Recorded information:
· · · · ·

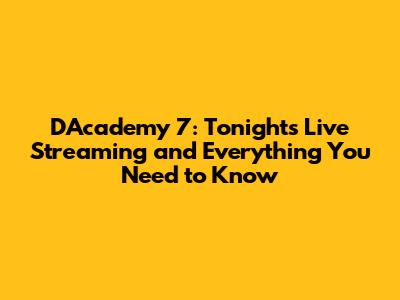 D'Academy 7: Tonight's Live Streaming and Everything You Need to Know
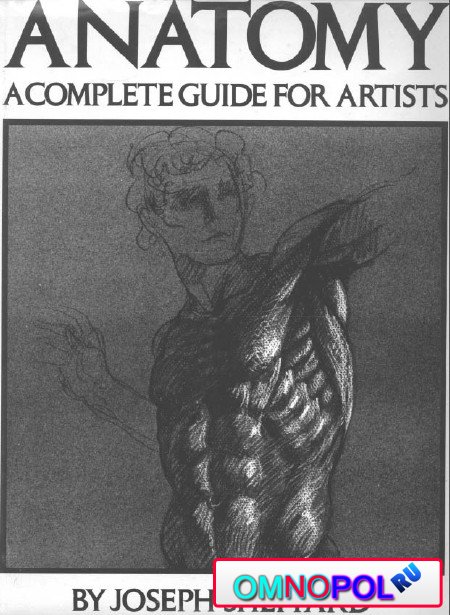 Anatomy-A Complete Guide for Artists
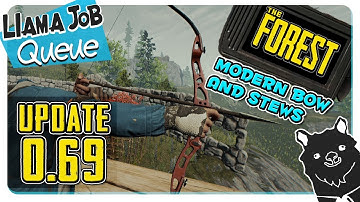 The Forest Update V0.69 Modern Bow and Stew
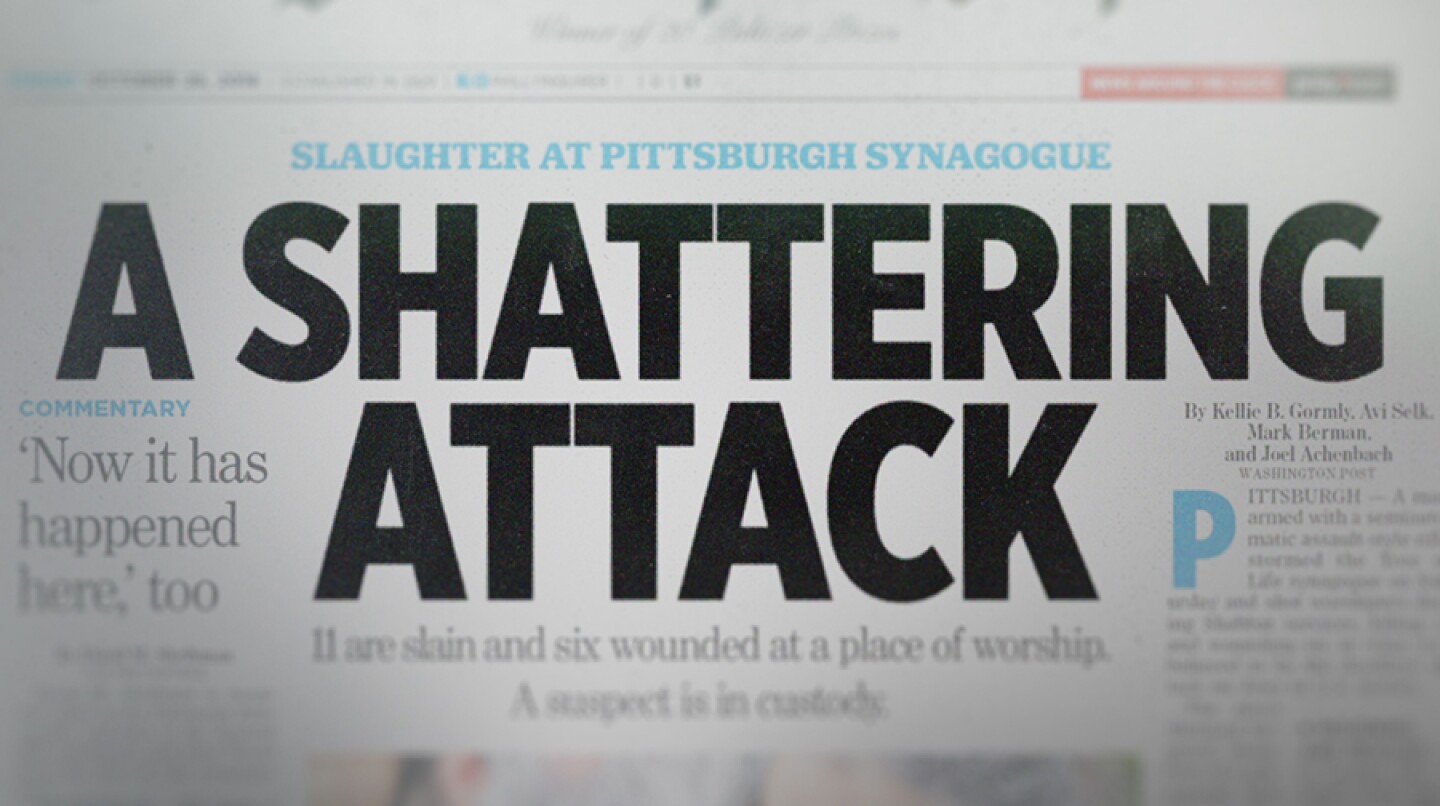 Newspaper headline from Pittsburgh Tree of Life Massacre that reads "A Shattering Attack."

· · · · ·

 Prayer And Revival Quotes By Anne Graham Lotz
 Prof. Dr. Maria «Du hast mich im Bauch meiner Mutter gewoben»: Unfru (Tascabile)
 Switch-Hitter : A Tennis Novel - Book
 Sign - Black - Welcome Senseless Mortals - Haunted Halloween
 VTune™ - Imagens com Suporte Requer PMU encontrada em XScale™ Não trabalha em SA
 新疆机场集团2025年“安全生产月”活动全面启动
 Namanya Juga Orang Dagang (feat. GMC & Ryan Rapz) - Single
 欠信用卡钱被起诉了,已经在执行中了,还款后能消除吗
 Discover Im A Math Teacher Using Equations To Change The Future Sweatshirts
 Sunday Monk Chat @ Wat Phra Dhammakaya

· · · · ·

What this task involves: From the records above, give again only the part that opens with the line containing "D'Academy 7: Tonight's" and closes with the line containing "Newspaper headline from". Keep both ends but drop the pictures.

Finished exercise:
 D'Academy 7: Tonight's Live Streaming and Everything You Need to Know
 Anatomy-A Complete Guide for Artists
 The Forest Update V0.69 Modern Bow and Stew
 Newspaper headline from Pittsburgh Tree of Life Massacre that reads "A Shattering Attack."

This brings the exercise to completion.